Taziye Evinde Ne Var?
Taziye evinde, taziyeye gelenleri ağırlamak için kadın ve erkeklere yönelik iki adet büyük salon bulunuyor. Şark odası tarzında düzenlenmiş salonda ayrıca bir ses sistemi mevcut. Taziyede bulunanlar Kur’anı Kerim okuyor, vaazda bulunabiliyor. İki salonun birleştiği yerde bir büyük mutfak, çay ocağı, gelen yemekleri ısıtmak için fırın ve ellişer kişinin yemek yiyebileceği ayrı bir yemek odası var. Taziye evine gönderilen yemekler burada ısıtılıp, gelen misafirlere, fakir, kimsesiz, gurebaya ikram ediliyor, duaları alınıyor.
İlk başta garipsemiş olsam da Taziye Evi kavramını, cenazesi olan için büyük bir rahatlık sunuyor. Ani bir ölüm ile o acılı durumda insan hem acısı ile baş etmek durumunda hem gelenleri nerede nasıl ağırlayacağını, evinin buna uygun olup olmadığı gibi birçok duygu ile baş etmek zorunda kalıyor. Taziye evi, özellikle ilk başta gelen ziyaretçi yoğunluğu sırasında önemlidir. Üçüncü günden sonra taziyeler evde kabul ediliyor.
Şehirlerimizde apartman dairelerinde taziye için gelen yüzlerce insanı ağırlamanın ölen kişinin ailesi için ne kadar yorucu olduğu malum. Sadece apartman dairelerinde değil, fiziksel olarak yaşamaya dahi çok uygun olmayan evlerde misafir ağırlamak da merhumun yakınları için ayrı bir mahcubiyet oluşturabiliyor. Taziye evleri yakınını kaybetmiş kişiye bir külfet olsun diye değil, değişen yaşam koşulları sonucunda kişiye az da olsa yardımcı olabilmek için üretilmiş bir çözüm yolu, sosyal belediyeciliğin ve devletin bir gereğidir.

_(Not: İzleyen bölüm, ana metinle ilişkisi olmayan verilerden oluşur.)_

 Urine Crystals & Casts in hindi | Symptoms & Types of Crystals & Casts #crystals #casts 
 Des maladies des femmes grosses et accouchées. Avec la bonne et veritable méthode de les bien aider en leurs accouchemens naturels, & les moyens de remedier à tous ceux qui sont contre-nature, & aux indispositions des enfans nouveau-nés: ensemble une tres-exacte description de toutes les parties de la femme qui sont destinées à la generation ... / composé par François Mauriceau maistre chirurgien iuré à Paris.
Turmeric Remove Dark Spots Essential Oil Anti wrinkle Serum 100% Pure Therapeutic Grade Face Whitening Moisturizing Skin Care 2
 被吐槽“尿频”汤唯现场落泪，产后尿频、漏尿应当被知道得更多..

Ölen kişi tanınsın ya da tanınmasın herkes gerek ölü sahiplerine bizzat başsağlığında bulunmak, acıları paylaşmak, ölen için dualar okumak ve bu yolda ayrıca sevap kazanmak adına taziye mahallinde bulunmak için beşer onar, yirmişer kişilik gruplar halinde taziye evine gidilir. Mahallede birbirini tanımayanlar için dahi ayrı bir tanışma, sosyalleşme mekânına dönüşüyor taziye evleri.
Bu Konya’da genelde mezarlıkta yapılıyor. Definden sonra uzun bir taziye kuyruğu oluşuyor. Toz toprak içinde. Cenazeye gelenler orada hem taziyede bulunmuş oluyor. Modern hayat, iş, güç yoğunluk vs. gereği gelemeyenleri kabul etmek için uygun, işlevsel bir mekan. Adını başka bir şey koyabilirsiniz ama böyle bir mekan şehir hayatının bir gereği diye düşünüyorum. İnanın hiç boş kalmıyor! Bu dünyayı terk edenlerin hızını/sayısını da görmüş oluyorsunuz…

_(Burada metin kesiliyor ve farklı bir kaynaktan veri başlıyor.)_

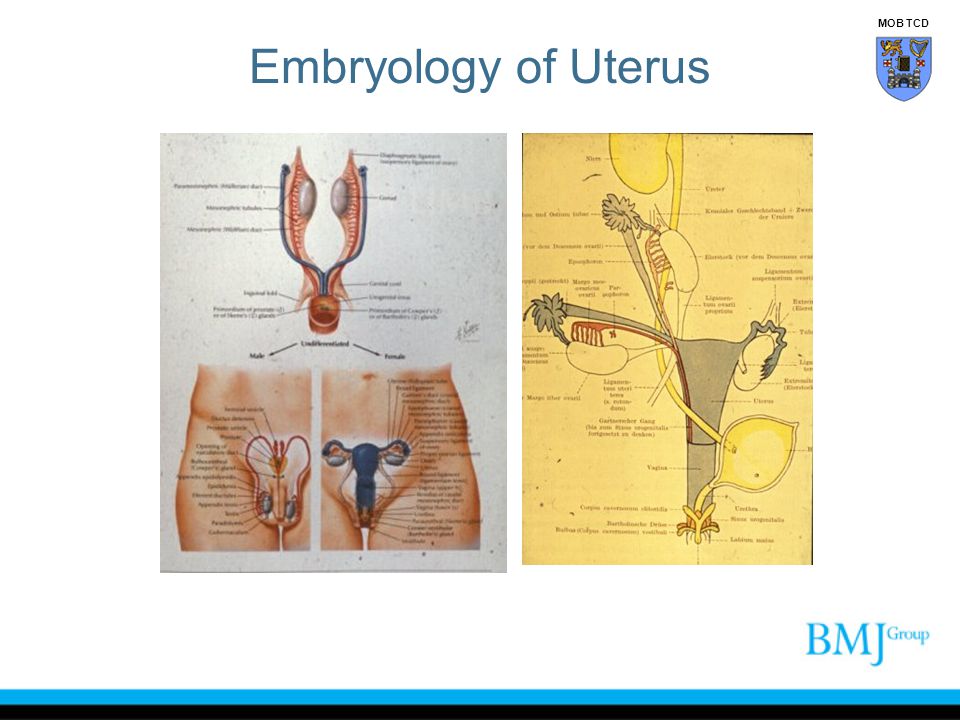 Embryology of Uterus MOB TCD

Bakalım bu alandaki ihtiyacı görüp ilk olarak uygulamaya geçirecek olan kim olacak merak ediyorum. İnanın emekli konağından/hanımlar lokalinden işlevsel ve uhrevi bir ihtiyaç… Amma bugün amma on yıl sonra bu mekanlar zaruri bir ihtiyaç olacak… Ben ilk olarak bu ihtiyaca dikkat çeken olayım sonrasında bunu kim gerçekleştirecek bekleyip görelim. İnşallah bu yazı ilgililerine bir fikir vermeye, kamuoyunda gündem olmaya vesile olur.